[dm-devel] dm-bufio

Tue Mar 27 09:56:35 UTC 2012

On Sat, Mar 24, 2012 at 3:07 AM, Mikulas Patocka <mpatocka at redhat.com> wrote:
>
>
> On Sat, 24 Mar 2012, Kasatkin, Dmitry wrote:
>
>> Hi,
>>
>> Thanks for clarification.
>> Indeed everything works just with dm_bufio_write_dirty_buffers().
>> Reboot notifier is to issue the flush only..
>> As I understand, dm-bufio will do the flush but currently once per 10 seconds.
>>
>> if data on the block device and metadata on other block device get out
>> of sync, what you can do then?
>> how journal helps then?
>>
>> - Dmitry
>
> It depends what you're trying to do.
>
> If you're trying to do something like "dm-verity", but with a possibility
> to write to the device, there are several possibilities:
>
> * keep two checksums per 512-byte sector, the old checksum and the new
> checksum. If you update the block, you update the new checksum, sync the
> metadata device and then write to the data device (obviously you need to
> batch this update-sync-write for many blocks write concurrently to get
> decent performance). When you verify block, you allow either checksum to
> match. When you sync caches on the data device, you must forget all the
> old checksums.
>

Right.. It requires double space and more IO.
The it will certainly be more stable to failures.
But what if data block will be corrupted during write due to power or
other failures?
In such case both checksums will not obviously match...

> * use journaling, write data block and its checksum to a journal. If the
> computer crashes, you just replay the journal (so you don't care what data
> was present at that place, you overwrite it with data from the journal).
> The downside is that this doubles required i/o throughput, you should have
> journal and data on different devices.
>

That looks definitely more reliable.

> * do nothing and rebuild the checksums in case of crash. It is simplest,
> but it doesn't protect from data damages that happen due to the crash (for
> example, some SSDs corrupt its metadata on power failure and you can't
> detect this if you rebuild checksums after a power failure).
>

easy and nice :)

>> Yes.. I am aware of dm-verity target.
>> It suites well for read-only cases.
>> It is questionable how tree-based approach will work with read-write.
>> Each single update will cause whole tree recalculation.
>
> A write would recalculate hashes only in the branch from tree bottom to
> tree top. The obvious downside is that there is no protection from crash.
>

Yes.. I noticed.

>
> BTW. regarding that reboot notifier with
> "dm_bufio_write_dirty_buffers(d->bufio)" ... there could be another
> problem ... what if other reboot notifier (maybe for a completely
> different driver) writes to the device after
> "dm_bufio_write_dirty_buffers(d->bufio)" was performed?
>

"Target" owns/writes to device...
 What other driver will do it?
 Also rootfs is re-mounted read-only before rebooting.
It is actually not about data device sync, but "hash device" sync.

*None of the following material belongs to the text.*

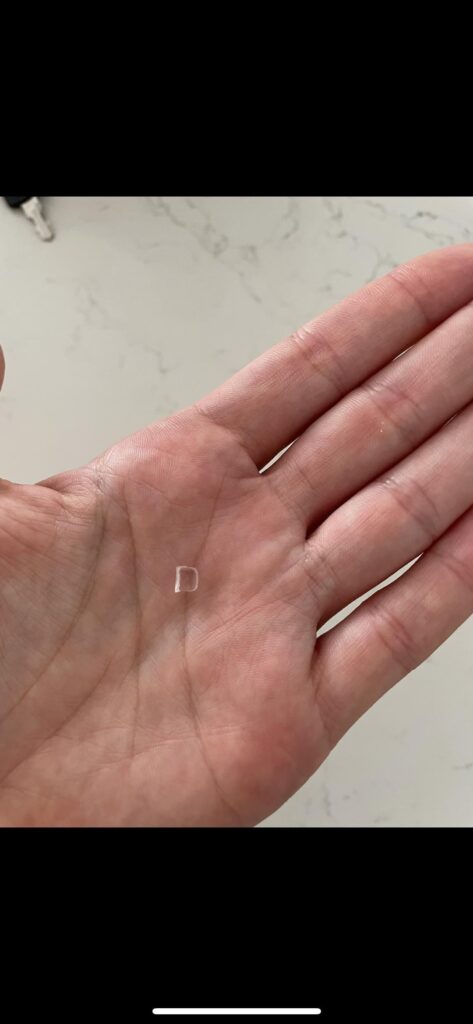 Is it me or is it hello fresh? Hard pieces of plastic, only found when chewed 🥴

> - would it be possible to install your notifier again?
>
> - or turn into a synchronous updates? --- i.e. set a flag in your reboot
> notifier and if the flag is on, call
> "dm_bufio_write_dirty_buffers(d->bufio)" after every write.
>

I see the idea.

> Mikulas
>

Thanks,

Dmitry

> --
> dm-devel mailing list
> dm-devel at redhat.com
> https://www.redhat.com/mailman/listinfo/dm-devel